Так поступил, к примеру, драматург-любителъ, автор «Смерти юного Бара», одной из многочисленных пьес о гибели 14-летнего храбреца, забитого насмерть шуанами Вандеи за отказ крикнуть «Да здравствует король!». Трагический эпизод в изображении предприимчивого автора выглядел так картинно, что невольно оскорблял память убитого мальчика. При этом смысл воспеваемого подвига чуть не потерялся, так как слово «король» нельзя было произносить со сцены, а «тиран» неуместно звучал бы в устах мятежников. Но сочинитель ловко вышел из положения: роялисты едва успевали вымолвить «Да здравствует…», как юноша, прервав их, разражался бурной республиканской речью. Далее автор дерзостно преступал строжайшую из заповедей классичесюй драмы: запрет показывать смерть на сцене, причем делал это с неимоверным размахом. Избитому Бара удавалось доползти до дверей дома, где его ждала молодая жена, и там, обливаясь кровью, испустить последний вздох.
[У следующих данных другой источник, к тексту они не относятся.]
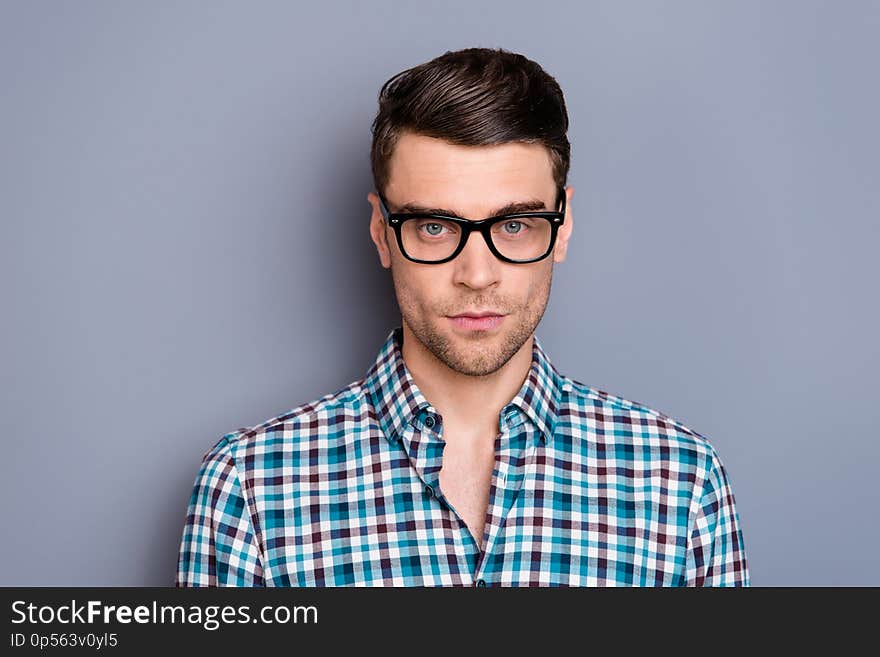 Close up photo attractive amazing macho he him his man guy handsome attentively looking on camera student wearing specs casual plaid checkered shirt outfit isolated grey background.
Примечательно, что автор оженнил своего героя, не смущаясь ни его нежным возрастом, ни тем фактом, что в действительности у юного республиканца не было жены. Ведь эта вымышленная свадьба позволила сочинителю включить в текст пьесы много тостов во славу республики и демократии, о том же, что в занятой роялистами деревне такие речи звучат до крайности неправдоподобно, драматург не подумал, благо и публика тех лет была терпима к подобным натяжкам. Зато ужасная гибель юного мужа сразу после свадьбы у заветного порога должна была умилить сердца тем вернее, что тут-то и пошли в ход сильнодействующие сценические приемы, доселе небывалые: Бара полз, извиваясь, через всю сцену, причем, согласно ремарке, была «видна его рубашка, в изобилии залитая кровью, куски полотна, которым он себя обмотал, тоже ею пропитаны; кровь течет также из его головы».
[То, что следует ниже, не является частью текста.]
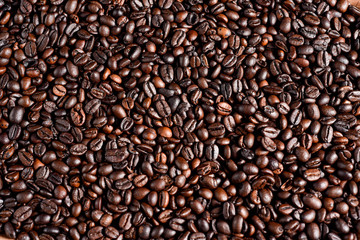 Roasted coffee beans background, arabica and robusta.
Спектакль этот шел в Республиканском Театре, имел успех, но трудно предположить, что его создатели рассчитывали только на душераздирающий эффект такого зрелища, ибо роль главного героя поручили актрисе Лакруа, хорошенькой травести, весьма ценимой зрителями за молодое озорство. Увы: ее появление в этом эпизоде вызвало бурю оваций, явно не имевших касательства к скорбной торжественности момента.

Другой сочинитель Ло де Буасси измыслил так обновить приемы «пьески с куплетами», чтобы за счет этого ускользнуть от придирок цензуры. Последняя вконец истощила терпение драматурга, ополчаясь на него за хвалы, невпопад расточаемые тем событиям и постановлениям, которые уже не вызывали одобрении властей. Решив, что все равно не угонится за всеми перипетиями политической жизни, Ло де Буасси состряпал несколько пьес, куплеты которых при надобности легко изымались из текста и заменялись другими. Так, в «патриотической комедии» «Истинная республиканка, или Глас Родины» стишки славили сперва казнь дантонистов, позже — эбертистов, затем — Робеспьера, так что гибкая пьеса долго не сходила со сцены, сохраняя свою злободневность ценой самых незначительных корректив.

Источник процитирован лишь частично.